AWS, in a statement, said it “stands ready to support and serve” the Defense Department.
“The DoD deserves access to the best technology in the world and we are unwavering in our support to their mission,” an AWS spokesperson said.
Oracle could appeal the decision to the U.S. Court of Appeals for the Federal Circuit. When reached for comment, Oracle did not say whether it would appeal.
“Oracle’s cloud infrastructure 2.0 provides significant performance and security capabilities over legacy cloud providers. We look forward to working with the Department of Defense, the Intelligence Community, and other public sector agencies to deploy modern, secure hyperscale cloud solutions that meet their needs,” the company said in a statement to Nextgov.

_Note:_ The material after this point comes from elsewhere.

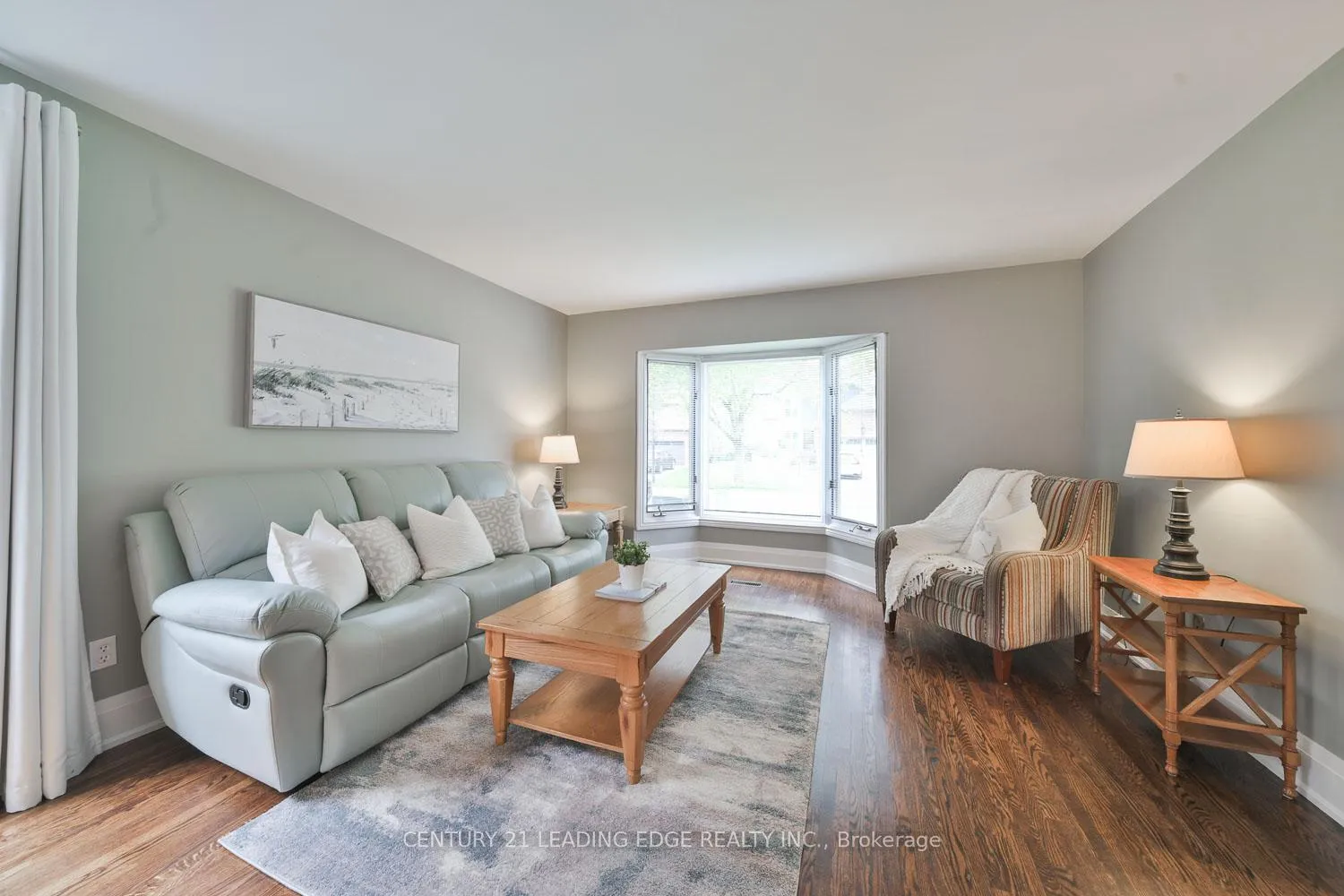 Photo 6 of 131 Reeve Drive, Markham, Markham Village — HOMEH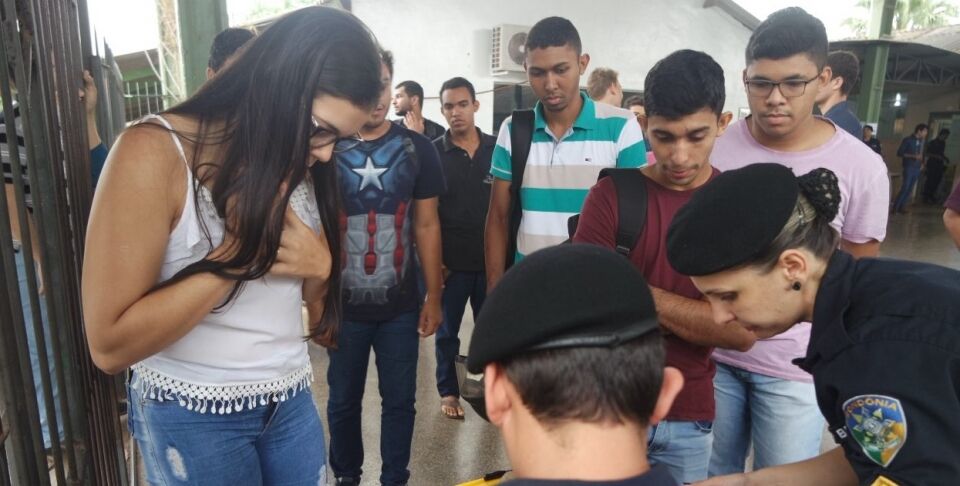 Jovens tentam entrar na Polícia Civil e Corpo de Bombeiros através de serviço voluntário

The Defense Department said it was "pleased" with the court's decision in a statement Friday.
"This reaffirms the DOD's position: the JEDI Cloud procurement process has been conducted as a fair, full and open competition, which the contracting officer and her team executed in compliance with the law," said Pentagon spokeswoman Elissa Smith. "DOD has an urgent need to get these critical capabilities in place to support the warfighter and we have multiple military services and Combatant Commands waiting on the availability of JEDI. Our focus continues to be on finalizing the award decision."
Before Oracle filed its lawsuit with the Court of Federal Claims, the company and rival IBM both filed bid protests with the Government Accountability Office. Oracle’s protest was denied, while IBM’s protest was dismissed due to the U.S. Court of Federal Claims handling Oracle’s ongoing lawsuit.
Historically, appeals to U.S. Court of Federal Claims decisions are rare in government contracting cases. Three years ago, data analytics firm Palantir successfully sued the Army over its Distributed Common Ground System procurement, ultimately prevailing after losing its initial bid protest with the Government Accountability Office.
The court is expected to release a full opinion in the coming days.
While the decision allows the Pentagon to continue toward an August award date for JEDI, Congress has become increasingly involved in the contract.
Last year, Congress exercised its oversight authority on JEDI, forcing the Pentagon to justify its plan to award JEDI to a single cloud provider. The Pentagon complied and released a subsequent cloud strategy that explained JEDI will be just one of many clouds the military apparatus plans to incorporate.
Recently, a string of Republicans have called for holds on funding to JEDI or additional scrutiny. In a June appearance on Tucker Carlson’s show on Fox, influential Republican Rep. Mark Meadows called the Amazon allegations “incredible” and called for an investigation. Republican Sen. Ron Johnson, who chairs the Senate’s Homeland Security Committee, asked acting Defense Secretary Mark Esper in a late June letter to hold off on awarding JEDI until an investigation is completed. According to the Associated Press, Sen. Chuck Grassley, R-Iowa, said JEDI’s bidding process should be restarted.
On Thursday, Sen. Marco Rubio, R-Fla., asked National Security Advisor John Bolton in a letter to delay the contract due to concerns over bias toward Amazon, according to The Hill.